Requirement —
Please print the entries below exactly, from the line with "property at 406 Harbour Pointe Way" through the line with "Belle Claire 18+", including both of those lines and leaving out all others.

Data for processing —

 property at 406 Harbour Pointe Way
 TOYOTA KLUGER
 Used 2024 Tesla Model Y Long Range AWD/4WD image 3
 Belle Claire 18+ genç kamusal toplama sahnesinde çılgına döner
--
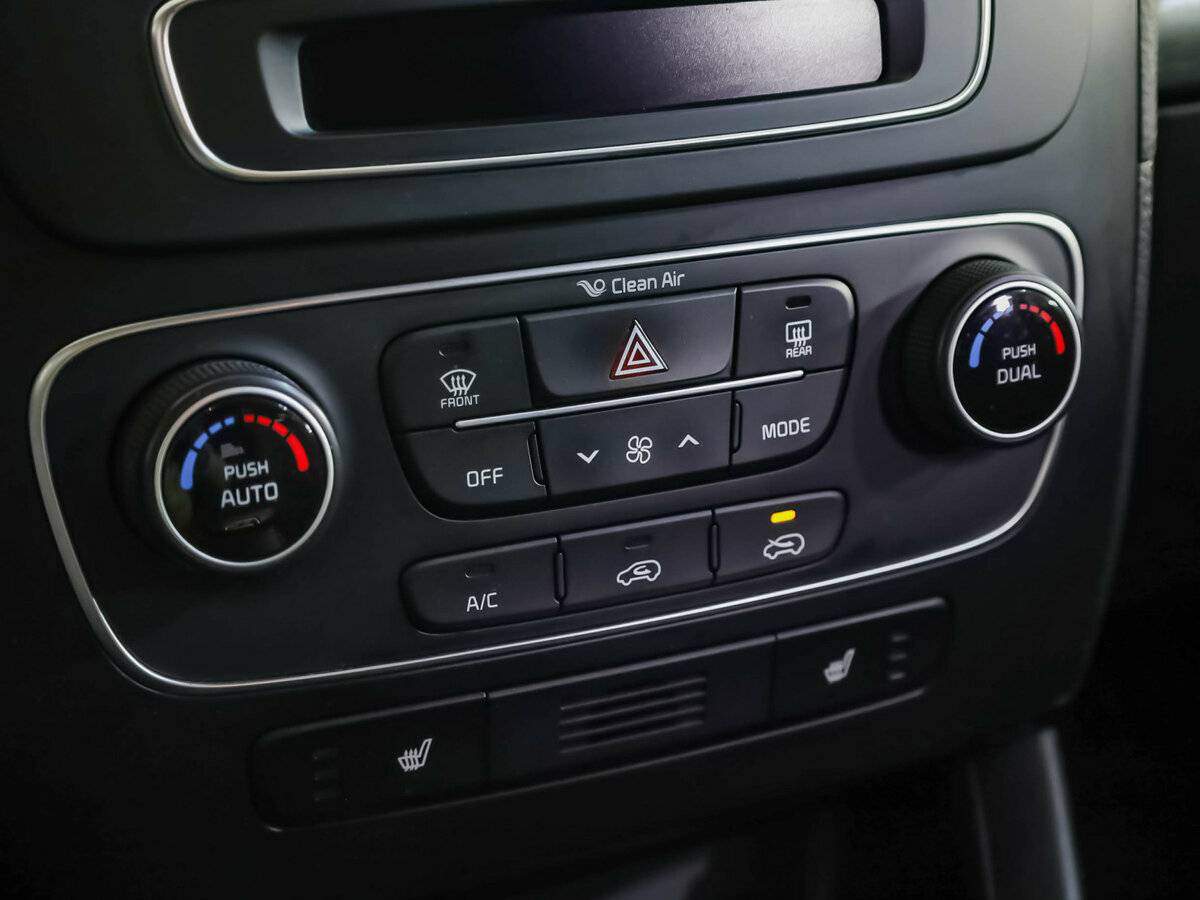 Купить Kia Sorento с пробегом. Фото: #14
==
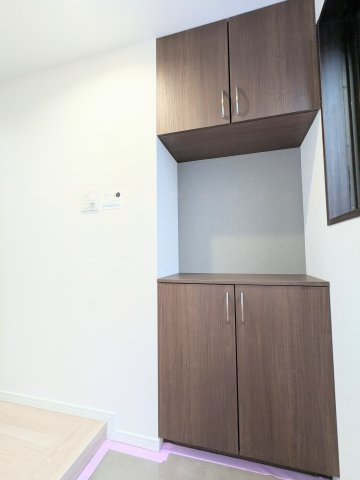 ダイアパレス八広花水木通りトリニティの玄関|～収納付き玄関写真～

Task solution —
 property at 406 Harbour Pointe Way
 TOYOTA KLUGER
 Used 2024 Tesla Model Y Long Range AWD/4WD image 3
 Belle Claire 18+ genç kamusal toplama sahnesinde çılgına döner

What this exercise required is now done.